LAUREL COUNTY, Ky. —
The newlyweds had a hard time when they first married. Bob was laid off from his job the week before the wedding.
“We moved in with Bob’s parents. They had a large house and plenty of room,” Wilma said. “They had two sons and, right away, accepted me as a daughter. But, I think I cried the whole first year we were married.”
The Westerfields remained with his parents for several months. While living there, Mrs. Mae Westerfield taught her daughter-in-law how to cook. “She was a member of a homemaker’s club and was a wonderful cook. She not only taught me how to cook, but how to garden, can and freeze. We eventually got on our feet, moved out and bought a house. The payment was $89 a month.”
Not only did the couple purchase a new home but welcomed a new addition to the family — daughter Cynthia. They were thrilled with their first child.
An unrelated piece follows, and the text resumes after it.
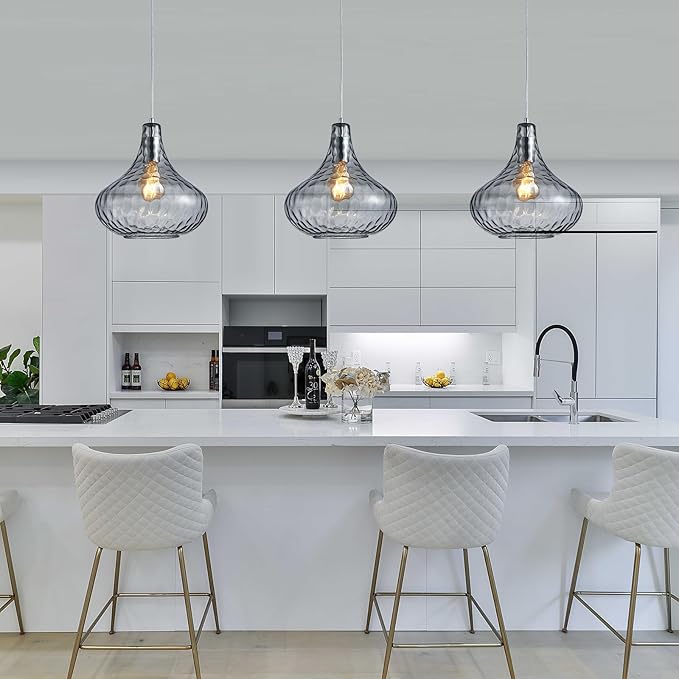 Hammered Glass Pendant Light - 11" Vintage Industrial Farmhouse Fixture for Kitchen Island, Dining Room & Entryway, Smoke Gray Ceiling Hanging Light with Chrome Finish,Easy Install Modern Chandelier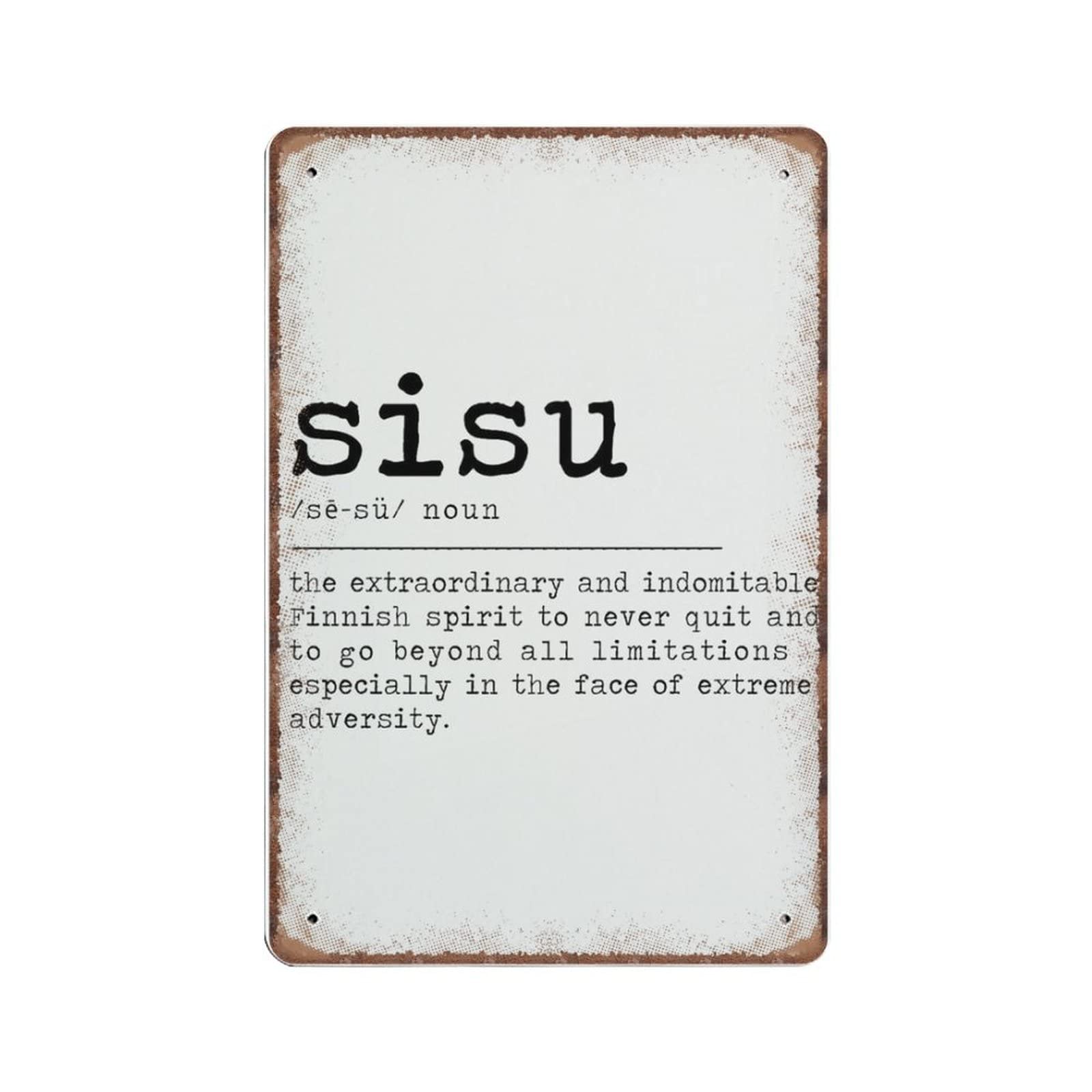rayprint Vintage Metal Tin Sign Sisu Definition Finnish Gifts Funny Retro Wall Art for Kitchen Bathroom Home Decor Gifts Sign 8 X 12 INCH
“We didn’t realize until she was almost a year old that something could be wrong,” Wilma said. “We took her to a clinic in Barbourville and, after some tests, they told us she was deaf.”
When Cynthia was three the family moved to Lexington.
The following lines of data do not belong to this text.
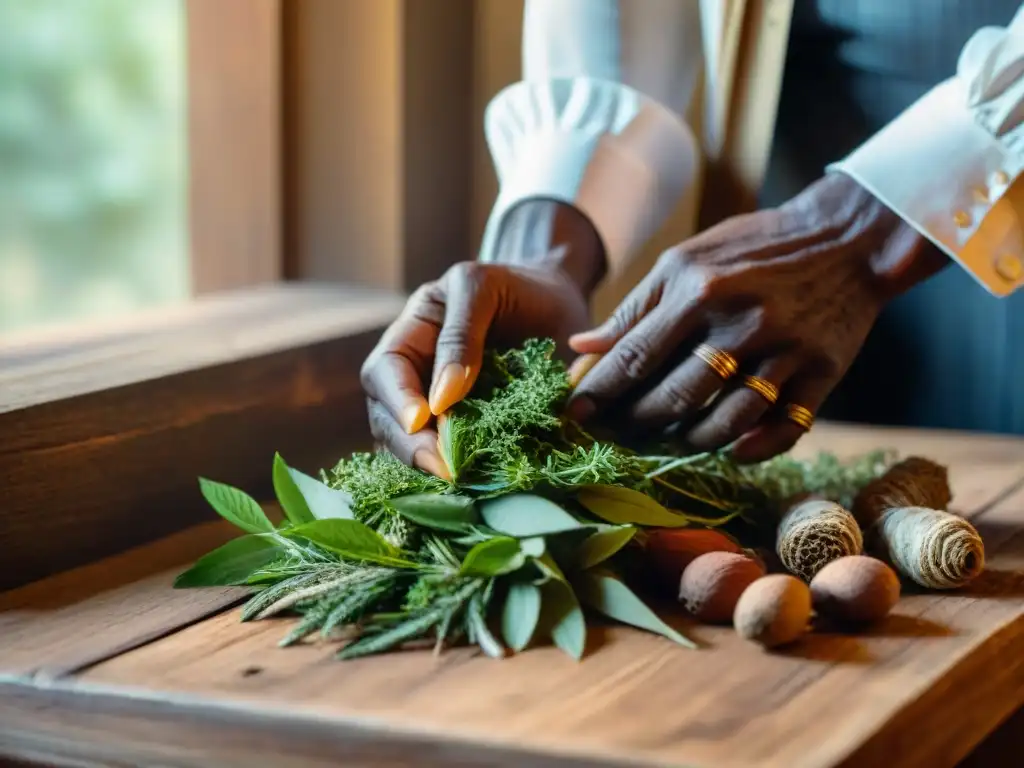 Manos del curandero africano arreglando hierbas secas en mesa de madera, con luz natural resaltando texturas y colores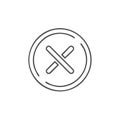 Circular Cancel Symbol Graphic: Simple Cross Icon with Rounded Borders for UI Design and Error Indication, Thin Line Royalty Free Stock Photo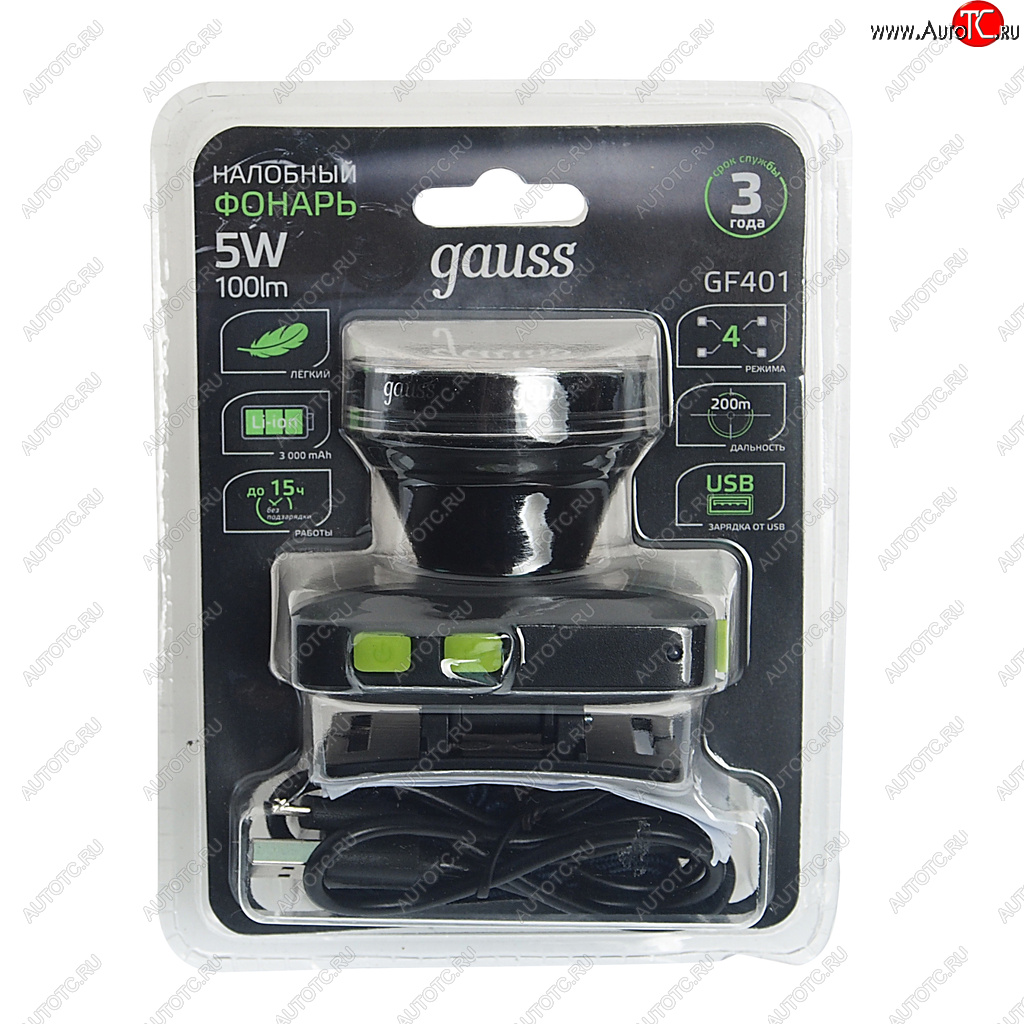 1 029 р. Фонарь налобный аккумуляторный GAUSS GAUSS gf401 GAUSS gf401  с доставкой в г. Пермь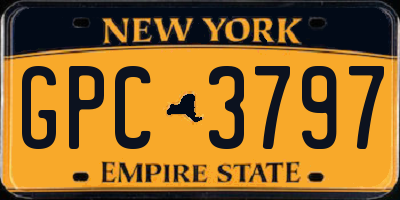 NY license plate GPC3797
“We enrolled her in a school for the deaf. She was so smart and learned easily. But, I knew it would take a lot of focus and work to get her ready to fit into a hearing world,” Wilma said. “She never considered herself handicapped.”
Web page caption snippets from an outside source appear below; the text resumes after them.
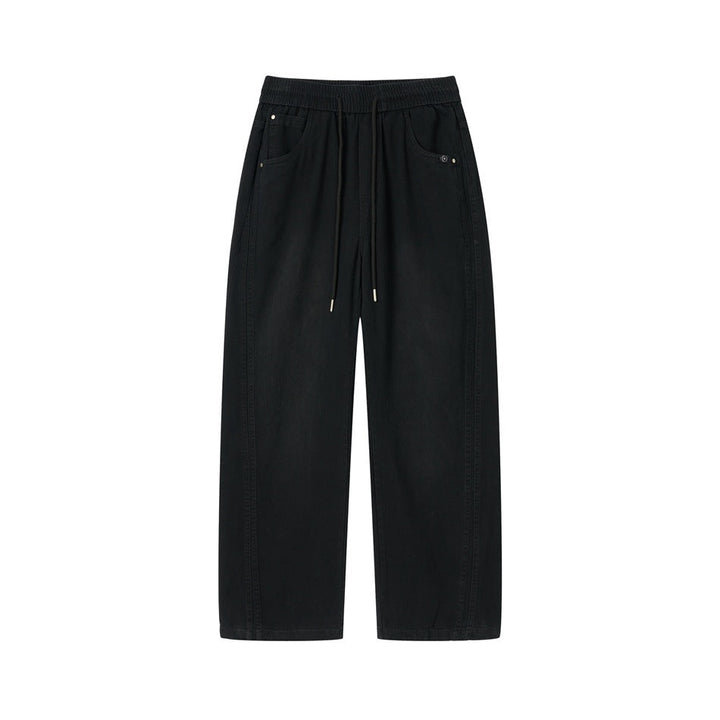 Damen Weite Relaxed-Hose mit elastischem Bund, Kordelzug und Eingrifftaschen Echoarchiv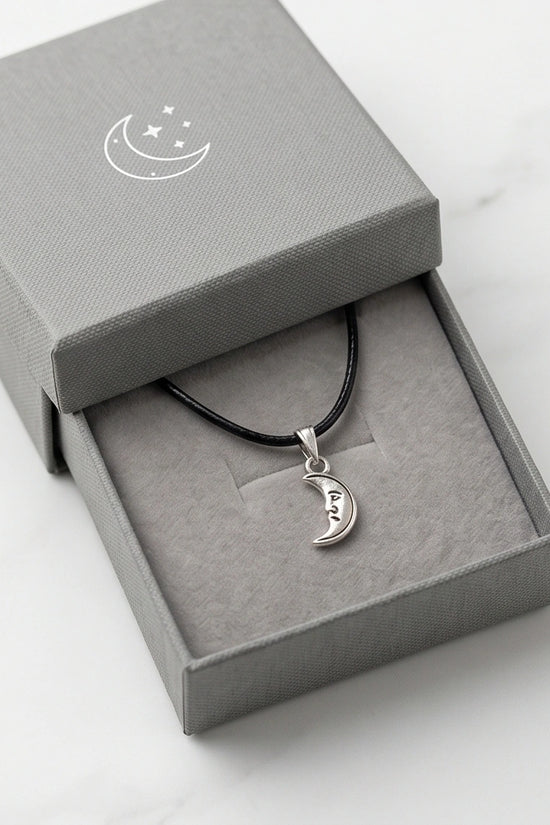 Silver Vintage Crescent Moon Face Necklace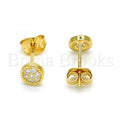 Sterling Silver 02.285.0045 Stud Earring, with White Cubic Zirconia, Polished Finish, Golden Tone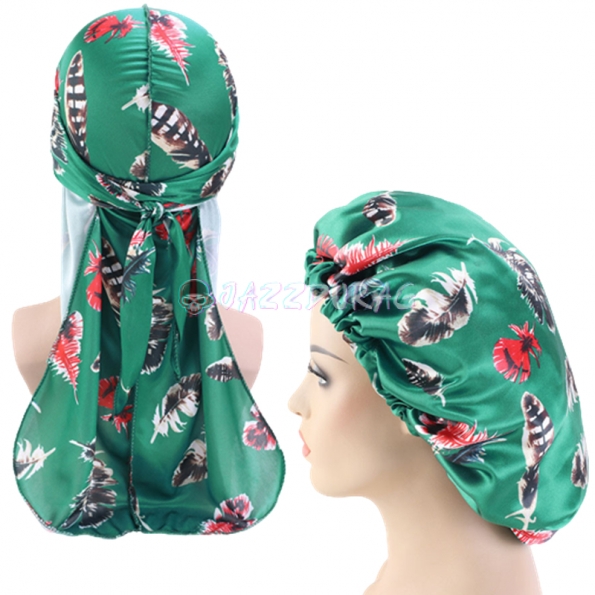 Feather Silky Durag and Bonnet Set Green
Today, Cynthia is married to a man who is also deaf and they have two sons. She walked a postal route in Corbin for some time and currently works in the mailroom for the U.S. Postal Service in Lexington.
“We devoted so much time to Cynthia, I think our other two children, Jason and Heather, feel like they were sometimes left out. But I was determined to see that she had a good life.”